The meaningful displacement of methane at the burner tip will ultimately require widespread replacement of methane network infrastructure and appliances with hydrogen ones. This is being explored with increasing purpose in some Northern European countries, particularly the Netherlands & the UK (who have rapidly declining domestic reserves of methane). But it represents a major challenge.

Hydrogen can also be blended into existing gas networks (up to at least 20% mix with existing methane supply).  This has two very material benefits:

1. It can accelerate the reduce of the carbon footprint from existing gas networks
2. It provides a market for pilot production projects, helping to drive scaling & cost reductions

If you find it hard to believe that methane networks could be changed out for hydrogen, there is a precedent. Methane from the North Sea replaced ‘town gas’ (sourced from coal) in the UK in the 1950s and 60s.

Uncertainty makes it even more important to form a view

Liberalisation has divided the gas value chain into different segments, and regulation requires the network and supply functions of the industry to be operated (and often owned) by different companies. The different segments of the liberalised value chain therefore have different commercial interests. Decarbonisation of gas markets will require significant value chain cooperation.
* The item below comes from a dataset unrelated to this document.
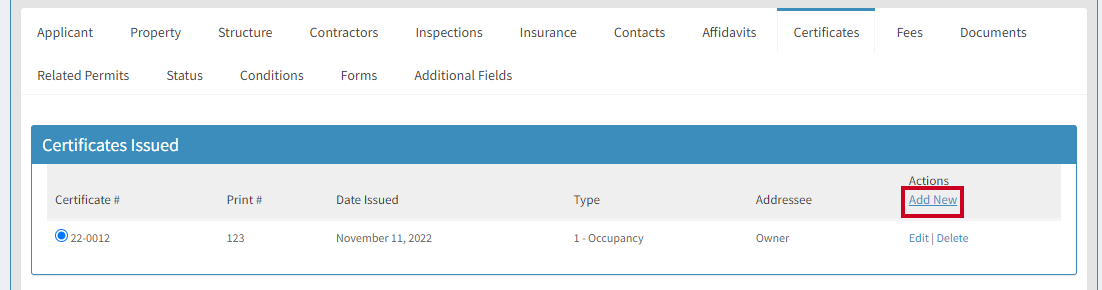 add new link under the Certificates tab.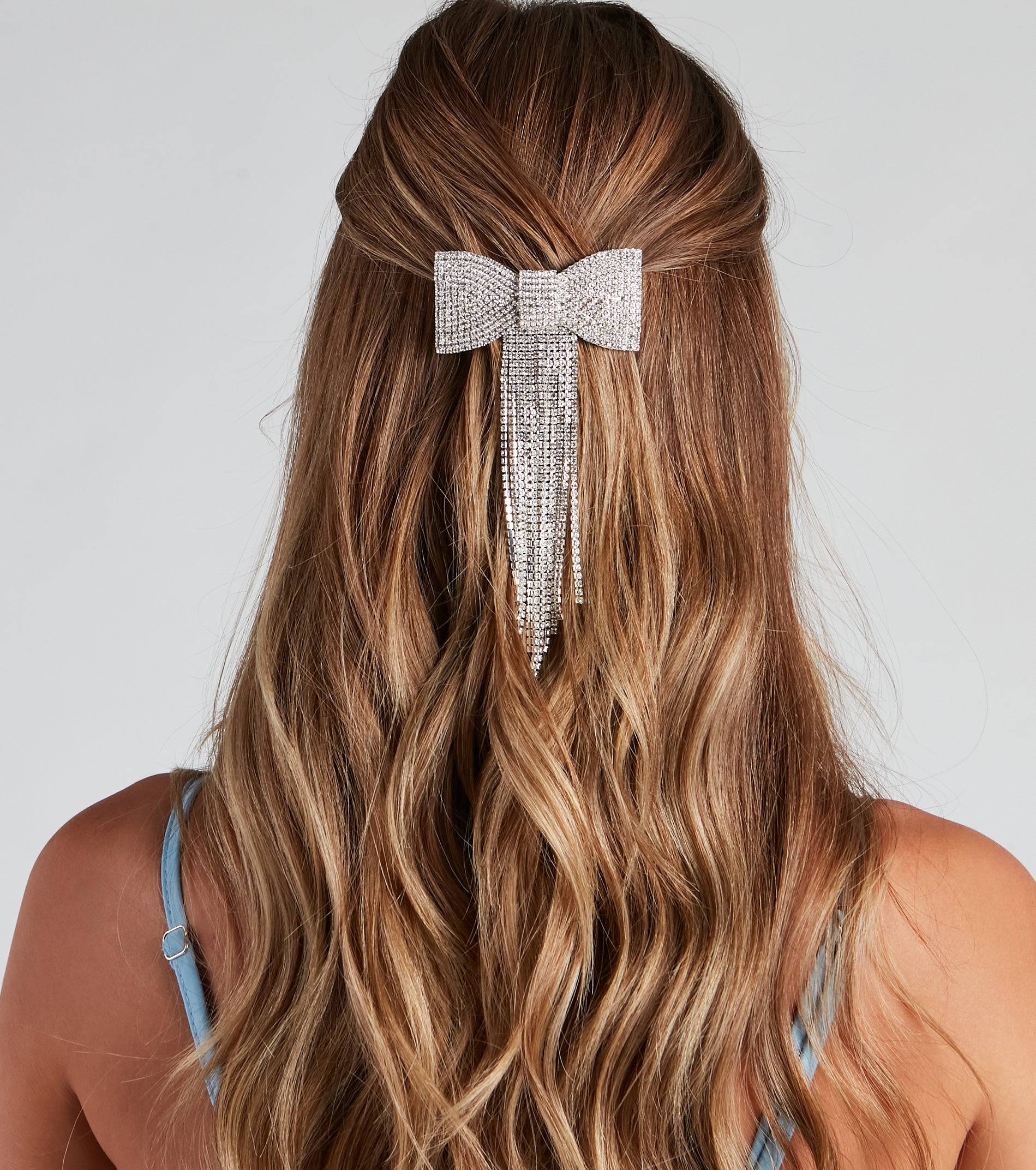 Pretty Glam Rhinestone Bow Barrette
This would also involve substantial evolution of both existing and new regulation.

While the decarbonisation benefits of hydrogen could be substantial, there are some sobering hurdles to overcome.  In the meantime, the policy & technology momentum behind electrification is gathering pace – it is the default option, despite a number of its own challenges.

That provides a strong incentive for existing participants in the European gas supply chain to demonstrate the case for hydrogen.  This is likely to result in accelerating industry & policy action targeting hydrogen over the next 5 years.

Against this backdrop, substantial uncertainty remains as to the pace & penetration of electrification and the future role of hydrogen.  But the impact of these disruptive trends is no longer over the investment horizon.  If you are a participant in the European gas supply chain, the time has come to form a view on the implications for asset risk/return.